Türkiye’nin son 65 yılının en kurak dönemini yaşadığı açıklandı. Prof. Dr. Mikdat Kadıoğlu, özellikle Balıkesir’in güneyi, Ege ve İç Anadolu’da tarım ve içme suyu için alarm verildiğini duyurdu. Meteoroloji Genel Müdürlüğü verilerine göre ülke genelinde şiddetli ve olağanüstü kuraklık yaygınlaştı. Balıkesir’in güneyi “olağanüstü kurak” kategorisinde yer aldı.
Türkiye’nin Yüzde 70’i Kuraklık Altında
İTÜ Uçak ve Uzay Bilimleri Fakültesi öğretim üyesi Prof. Dr. Mikdat Kadıoğlu, Ağustos 2024–Temmuz 2025 döneminin son 65 yılın en kurak yıllarından biri olduğunu açıkladı. Meteoroloji Genel Müdürlüğü tarafından hazırlanan Standartlaştırılmış Yağış İndeksi (SPI) verilerine göre, Türkiye’nin yüzde 70’i şiddetli veya olağanüstü kuraklık koşulları altında.
Balıkesir’in Güneyi Olağanüstü Kuraklıkta
Kadıoğlu, 12 aylık kuraklık tablosunda Balıkesir’in güneyinin olağanüstü kuraklık yaşadığını belirtti.
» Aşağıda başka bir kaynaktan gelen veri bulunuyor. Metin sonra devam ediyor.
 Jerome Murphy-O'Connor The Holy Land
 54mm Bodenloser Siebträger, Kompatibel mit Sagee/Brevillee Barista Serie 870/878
Aynı dönemde Kütahya, Uşak, Afyon, Şanlıurfa, Diyarbakır, Siirt ve Mardin de benzer kategoride yer aldı. Konya, Karaman, Mersin, Isparta ve Kayseri ise “şiddetli kurak” olarak kaydedildi.
En Fazla Yağış Kaybı Ege ve Güneydoğu’da
Yağış azalmalarının en sert yaşandığı bölgeler şöyle sıralandı:
-
Ege: %74 azalma
-
Güneydoğu Anadolu: %65 azalma
-
Doğu Anadolu: %55 azalma
-
İç Anadolu: %48 azalma
Kadıoğlu, bu tablonun tarım, ekonomi ve içme suyu açısından büyük risk taşıdığına dikkat çekti.
Kuraklığın Etkileri Tarımdan İçme Suyuna
Kadıoğlu, kuraklığın sürelerine göre etkilerini şöyle özetledi:
-
3 ay: Tarımsal üretim kayıpları
-
6 ay: İçme suyu ve nehir akışlarında azalma
-
9 ay: Su rezervlerinde kritik düşüş
-
12 ay: Ekonomi ve toplumsal yaşamda kriz
Tahıl ve sebze veriminde yüzde 40–60’a varan kayıplar yaşanabileceğini, baraj doluluk oranlarının yüzde 30’un altına inebileceğini ve içme suyu kesintilerinin gündeme gelebileceğini söyledi.
Balıkesir ve Güney Marmara’da Risk Büyük
Marmara, Ege ve Akdeniz’in büyük bölümünün son bir yılda şiddetli kuraklık yaşadığını belirten Kadıoğlu, özellikle Balıkesir’in güneyi ve Güney Marmara’daki tarımsal üretimin kritik tehdit altında olduğuna dikkat çekti.
Çözüm: Kent Su Bütçesi ve Tasarruf
Kadıoğlu, yerel yönetimlere ve vatandaşlara şu önerilerde bulundu:
-
Yerel yönetimler: Kent Su Bütçesi hazırlamalı, şebekelerde kayıp–kaçak oranlarını düşürmeli, yağmur sularını depolamalı.
-
Tarım: Vahşi sulama yasaklanmalı, modern sulama sistemleri kullanılmalı, kuraklığa dayanıklı ata tohumları desteklenmeli.
-
Sanayi: Atık sular arıtılarak yeniden kullanılmalı, su verimliliği teknolojileri zorunlu hale getirilmeli.
-
Vatandaşlar: Günlük yaşamda suyu tasarruflu kullanmalı.
“2030’da Su Stresi, 2050’de Su Fakirliği Kaçınılmaz”
Prof. Dr. Kadıoğlu, son uyarısını ise şöyle yaptı:
“Kuraklıkla mücadele, altyapının güçlendirilmesi, suya göre tarım anlayışı, sanayide verimlilik yatırımları ve bireysel tasarruf alışkanlıkları ile mümkündür. Aksi halde, 2030’da su stresi, 2050’de su fakirliği kaçınılmazdır.”